(Stored data)
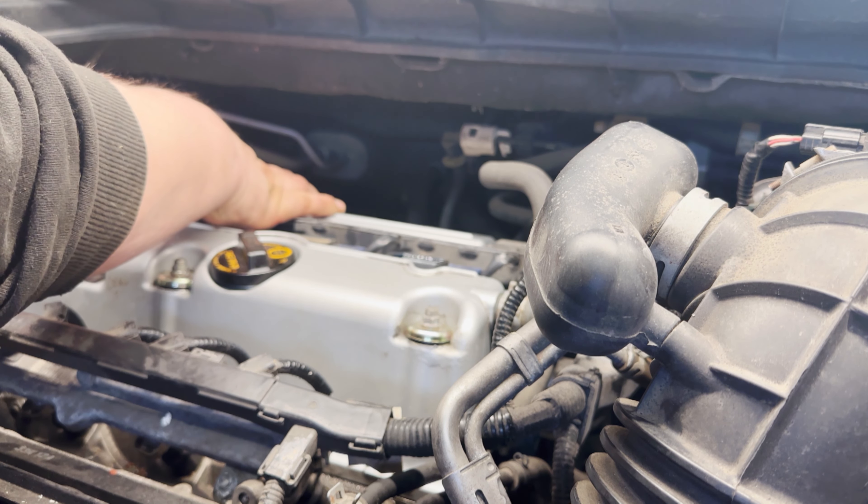Now we're going to torque them down to 13 foot-pounds as mentioned earlier. Once all the plugs are secured, we're ready to reinstall the ignition coils.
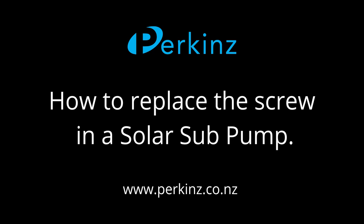Today we're going to demonstrate how to fit a new screw to your Perkins solar sub water pump.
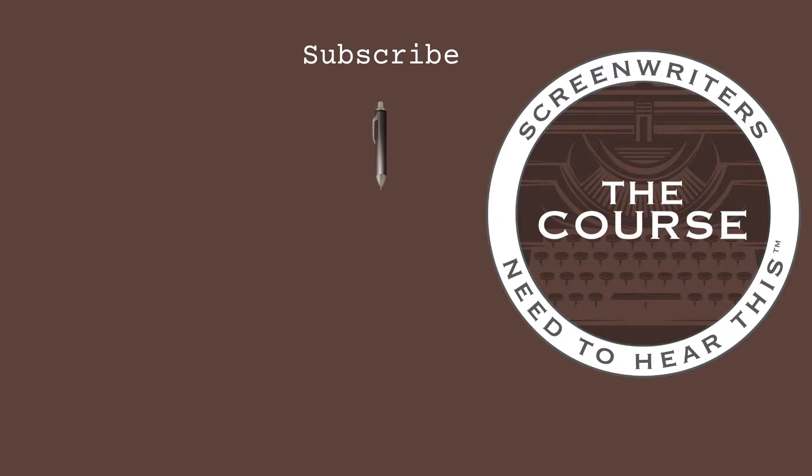For more acting tips, be sure to follow me here and subscribe. You can also find me all over social media at michaeljamminwriter.com. Thank you.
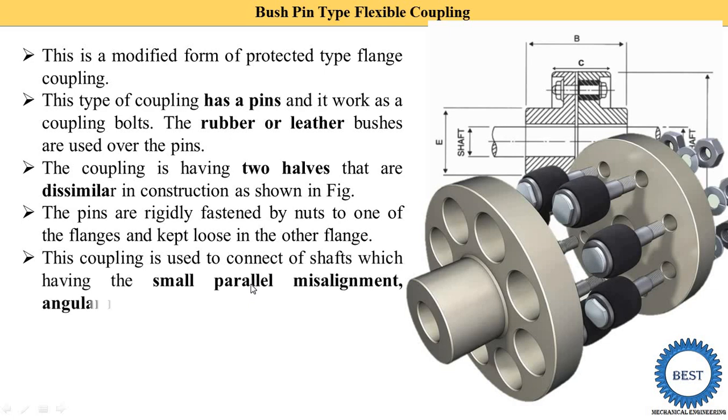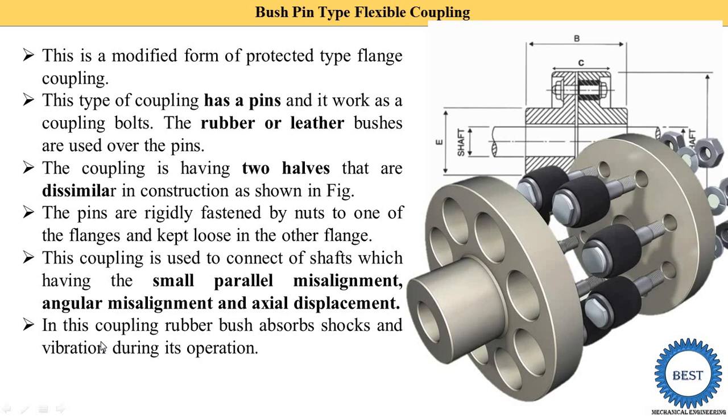This coupling is used to connect shafts which have small parallel misalignment, small angular misalignment, and small axial displacement. When the axes of both shafts are not in line and they have some minor misalignment, or the two shafts are at a minor angle difference with some axial displacement, we use the bush pin type flexible coupling.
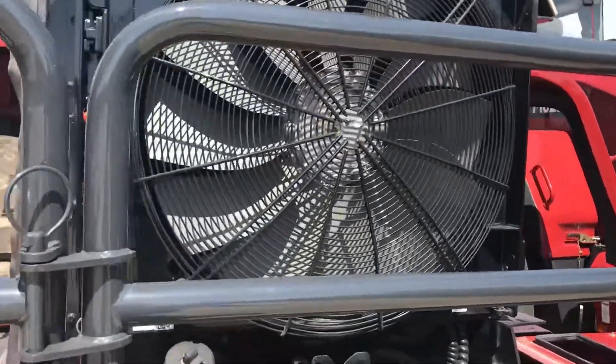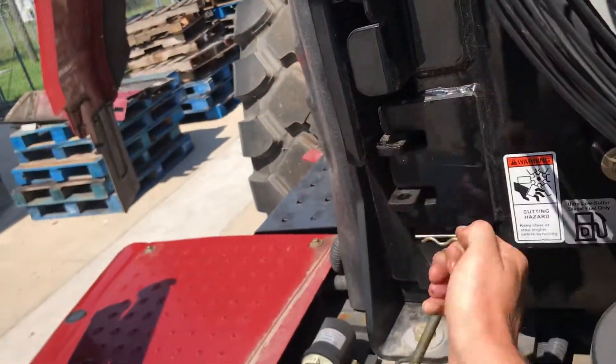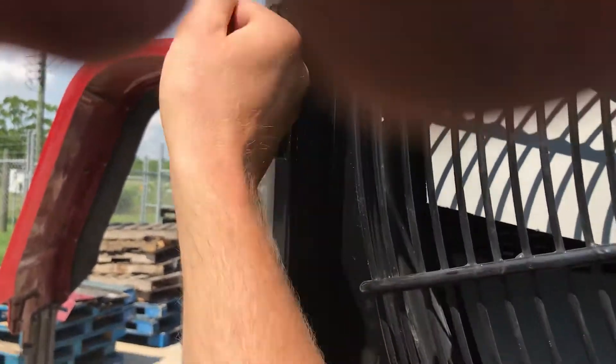All right, now you've got your reversing fan — get that out of the way to get to your radiator. Take this pin out, then pull that latch right there, lift it up, swing it out of the way. That allows you to get to your radiator and blow your radiator out.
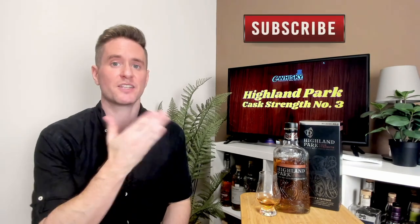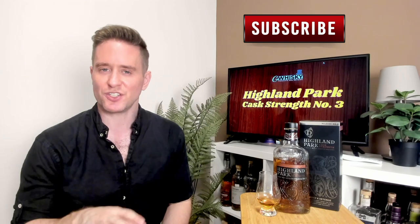What's up guys? Welcome to GWhiskey. My name is Jeff. This is a channel where I offer my thoughts and opinions on a specific whiskey. And if you stick around at the end, I'll be giving it a score as well. If that sounds interesting, hit subscribe down below. And with that out of the way, let's jump into our review.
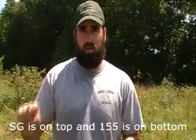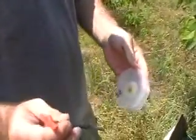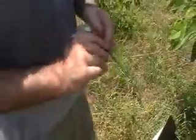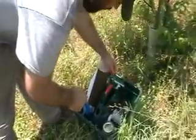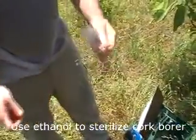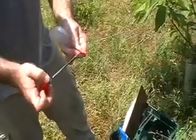We always put the SG up high and then the 155 goes down low. Before we make our inoculations we need to punch holes in the plate. So first I need to sterilize the cork borer. I'm shaking it to get the ethanol out of the inside of the tube.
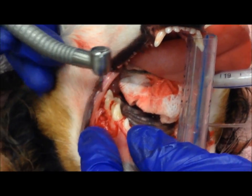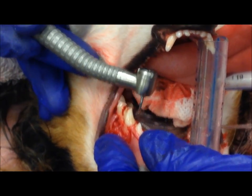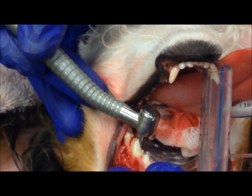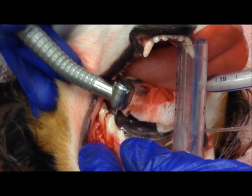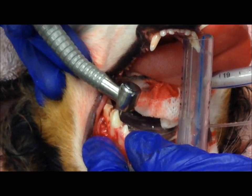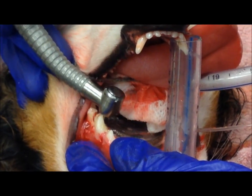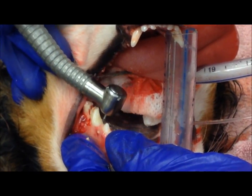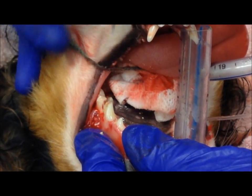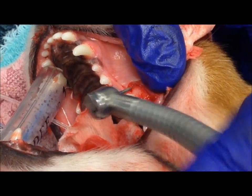Next I'm going to separate the two front roots, or mesial roots. There's a root right here and there's a root right here. Now I'm going to remove some of the overlying bone here to make it easier to remove the root from its socket.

Description of the task
Copy the records exactly as they appear, leaving every picture out.

Answer to the problem
Now we're going to torque them down to 13 foot-pounds as mentioned earlier. Once all the plugs are secured, we're ready to reinstall the ignition coils.
Today we're going to demonstrate how to fit a new screw to your Perkins solar sub water pump.
For more acting tips, be sure to follow me here and subscribe. You can also find me all over social media at michaeljamminwriter.com. Thank you.
This coupling is used to connect shafts which have small parallel misalignment, small angular misalignment, and small axial displacement. When the axes of both shafts are not in line and they have some minor misalignment, or the two shafts are at a minor angle difference with some axial displacement, we use the bush pin type flexible coupling.
All right, now you've got your reversing fan — get that out of the way to get to your radiator. Take this pin out, then pull that latch right there, lift it up, swing it out of the way. That allows you to get to your radiator and blow your radiator out.
What's up guys? Welcome to GWhiskey. My name is Jeff. This is a channel where I offer my thoughts and opinions on a specific whiskey. And if you stick around at the end, I'll be giving it a score as well. If that sounds interesting, hit subscribe down below. And with that out of the way, let's jump into our review.
We always put the SG up high and then the 155 goes down low. Before we make our inoculations we need to punch holes in the plate. So first I need to sterilize the cork borer. I'm shaking it to get the ethanol out of the inside of the tube.
Next I'm going to separate the two front roots, or mesial roots. There's a root right here and there's a root right here. Now I'm going to remove some of the overlying bone here to make it easier to remove the root from its socket.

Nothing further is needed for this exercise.